La jeune et belle Cyprienne y veille sur Zucchino, son aïeul endormi. Terrassé par une fièvre délirante, le vieux professeur de musique, ruiné depuis longtemps, ne peut plus dispenser les leçons dont il vivote avec sa fille et sa petite-fille. Glapieu se prend aussitôt de sympathie pour ce ménage aux abois. Cyprienne a tout juste eu le temps de le réprimander pour son intrusion, lorsque surgit, comme un tourbillon, son extravagante mère, Étiennette, campée par l’exquise Linda Chaïb. Sur ses talons, une horde de pointilleux huissiers. Désespoir  ! Pour une dette de 4 000 maudits francs, la famille est dépouillée de tous ses misérables biens et seules quelques lettres d’amour échappent in extremis à la saisie. Coupe afro, lunettes de soleil sur le nez, veste de fourrure blanche sur les épaules, la psychédélique mère célibataire, qui se fait passer pour une veuve, se lamente sur son funeste destin, sur ses amours mortes et ses fortunes évanouies. Paraît alors Rousseline, l’agent d’affaires d’un riche banquier. Dans la peau de ce tortueux personnage, l’excellent Azzedine Benamara explore avec gourmandise toutes les nuances de la perfidie et de la perversité. Voilà le marché  : l’argentier éponge la dette, sauve la famille de la banqueroute mais, en contrepartie, il épouse Cyprienne, vers laquelle il coule des regards dégoulinant de concupiscence. Éprise d’un modeste employé de banque, Edgar Marc, celle-ci l’éconduit sans appel. Impardonnable affront pour celui qui veut «  plaire aux femmes  ; de gré ou de force  ». Suit une invraisemblable cavalcade, qui mène Glapieu, pour le meilleur et pour le pire, des interlopes tripots où se frottent affairistes et magistrats jusqu’aux coulisses de la finance, où sa ruse lui fait gagner la confiance du baron de Puencarral (Samuel Churin), créancier de Zucchino.

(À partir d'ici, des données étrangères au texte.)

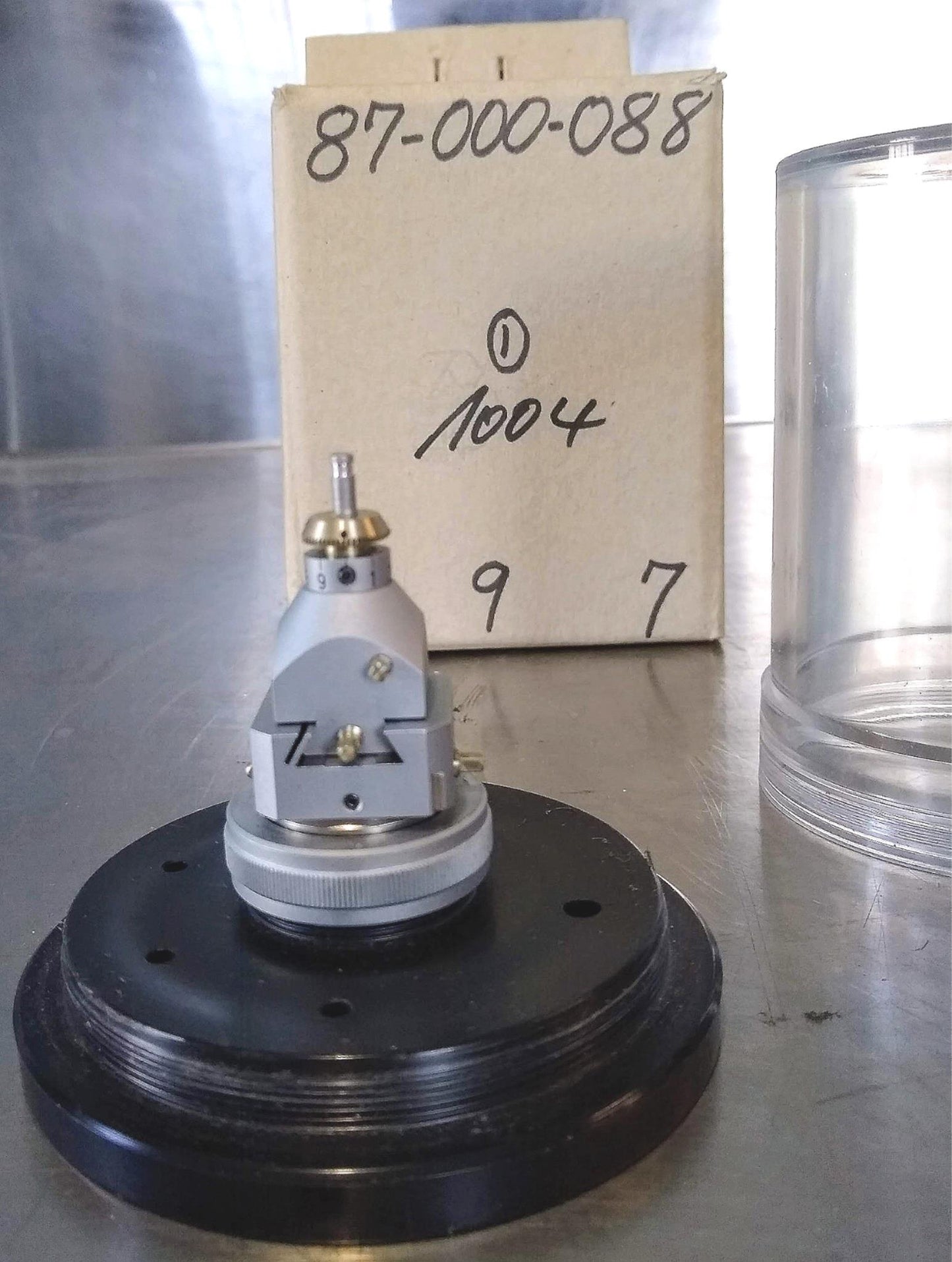 HUBER GONIOMETER HEAD 1004 XYZ SINGLE AXIS RIGAKU X-RAY 90DAYWARRANTY FREE SHIP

Victor Hugo écrit Mille Francs de récompense lors de son exil à Guernesey, alors que le Paris du second Empire est livré à la curée. C’est le règne des spéculateurs sans scrupule, des hommes d’affaires véreux, des filous en frac noir couvés par Napoléon III. L’écrivain, intraitable opposant, dépeint une société cruelle, inégalitaire, étranglée par l’argent roi. Comme la nôtre… Dans cette mise en scène impertinente, délurée et résolument contemporaine, Kheireddine Lardjam assume sans complexe ce précipité historique et politique  : sa compagnie El Ajouad («  les généreux  », en mémoire d’une pièce du dramaturge algérien Abdelkader Alloula) joue cette comédie financière à la façon d’un manifeste anticapitaliste de notre temps, portée par des comédiens qui sont le visage de la France d’aujourd’hui. Entre les panneaux coulissants qui façonnent un espace scénique aux allures de labyrinthe, la course folle de Glapieu prend au gré des rebondissements, au fil des plans d’inspiration cinématographique, l’allure d’une quête de sens.

Kheireddine Lardjam mène cette satire sociale avec humour, férocité et un sens aiguisé de la lutte des classes.